Question

What is the equation, in standard form, of a parabola that contains the following points?
(-2,-20),(0,-4),(4,-20)
I tried plugging them into the standard equation and using elimination, but I got no solution. I have no idea how to go about this problem.

Answer 1

Hum, let me try doing that and see if I get the answer.

Answer 2

In standard form (y=ax^2+bx+c), c is the y-intercept. One of the points gives the y intercept.
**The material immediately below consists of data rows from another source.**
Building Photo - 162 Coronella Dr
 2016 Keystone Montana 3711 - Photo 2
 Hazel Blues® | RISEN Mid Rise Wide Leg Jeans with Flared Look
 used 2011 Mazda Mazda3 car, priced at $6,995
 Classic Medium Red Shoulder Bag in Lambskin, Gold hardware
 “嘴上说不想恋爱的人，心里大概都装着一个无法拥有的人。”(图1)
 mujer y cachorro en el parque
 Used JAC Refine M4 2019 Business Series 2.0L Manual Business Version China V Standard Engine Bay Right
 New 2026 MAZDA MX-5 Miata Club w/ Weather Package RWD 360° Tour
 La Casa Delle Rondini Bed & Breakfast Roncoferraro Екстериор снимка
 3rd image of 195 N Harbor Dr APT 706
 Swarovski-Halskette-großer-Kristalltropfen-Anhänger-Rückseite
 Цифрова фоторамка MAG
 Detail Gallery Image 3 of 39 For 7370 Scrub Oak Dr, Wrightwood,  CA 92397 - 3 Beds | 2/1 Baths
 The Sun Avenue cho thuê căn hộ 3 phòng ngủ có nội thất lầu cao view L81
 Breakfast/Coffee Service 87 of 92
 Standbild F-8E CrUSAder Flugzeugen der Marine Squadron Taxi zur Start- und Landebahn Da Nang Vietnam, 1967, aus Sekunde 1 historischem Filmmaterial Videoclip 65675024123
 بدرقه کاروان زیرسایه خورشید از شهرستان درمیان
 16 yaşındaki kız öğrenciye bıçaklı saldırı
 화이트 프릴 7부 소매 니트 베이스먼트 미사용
Start there.

Answer 3

c=-4

Answer 4

Yep.

Answer 5

I get to -20=-2a^2 -2b -4 and -20=4a^2+4b-4 and I don't know what to do next

Answer 6

4a for the first one and 16a for the second once simplified

Answer 7

So use the second and third equation and use the elimination thing.

Answer 8

Sorry, that meant to send way earlier.

Answer 9

I keep getting -32=8a and a=0

Answer 10

Which does not make sense...

Answer 11

Anyways...OH, I know what you did wrong! You are squaring the a, not the x. :)

Answer 12

... so what do I need to do?

Answer 13

standard form is y=ax^2+bx+c
So the two formulas would be
\[y=a(-2)^{2}+b(-2)+c\]
\[-20=a(4)^{2}+b(4)-4\]

Answer 14

Now try.

Answer 15

Is the first equation supposed to be "y=" or -20?

Answer 16

Sorry, the y is supposed to be -20.

Answer 17

My bad. :)

Answer 18

4a+(-2b)-4=-20
-16=4a-2b

-20= 16a+4b-4
-16=16a+4b

Answer 19

Yup! Now do elimination

Answer 20

-32=8a-4b
-16=16a+4b
-48=24a

Answer 21

-2=a

Answer 22

There you go! Glad I could help! I've done that mistake before. I was as lost as you. :)

Answer 23

-16=-2(16)+4b
-16=-32+4b
16=4b
b=4

Answer 24

Thank you so much!!!

Answer 25

No problem! You can best show your thanks by giving out a medal. :)

Answer 26

Thank you! If you need any help, you can just tag me. :)

Answer 27

When I make you a best response, does that give a medal?

Answer 28

Yes! Thanks again! :)

Answer 29

No, thank you (;